Starting at the first line of the data below, write out each line exactly until you reach the line containing "In Loving Memory", and include that line too.

Source data:
BEGIN
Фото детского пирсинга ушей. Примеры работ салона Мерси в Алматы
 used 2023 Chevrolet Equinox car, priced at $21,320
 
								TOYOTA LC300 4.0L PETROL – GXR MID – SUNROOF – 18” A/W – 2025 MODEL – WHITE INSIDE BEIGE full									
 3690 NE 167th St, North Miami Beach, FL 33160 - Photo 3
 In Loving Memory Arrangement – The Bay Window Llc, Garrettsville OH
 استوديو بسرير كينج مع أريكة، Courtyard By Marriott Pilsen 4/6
END
> Final answer:
Фото детского пирсинга ушей. Примеры работ салона Мерси в Алматы
 used 2023 Chevrolet Equinox car, priced at $21,320
 
								TOYOTA LC300 4.0L PETROL – GXR MID – SUNROOF – 18” A/W – 2025 MODEL – WHITE INSIDE BEIGE full									
 3690 NE 167th St, North Miami Beach, FL 33160 - Photo 3
 In Loving Memory Arrangement – The Bay Window Llc, Garrettsville OH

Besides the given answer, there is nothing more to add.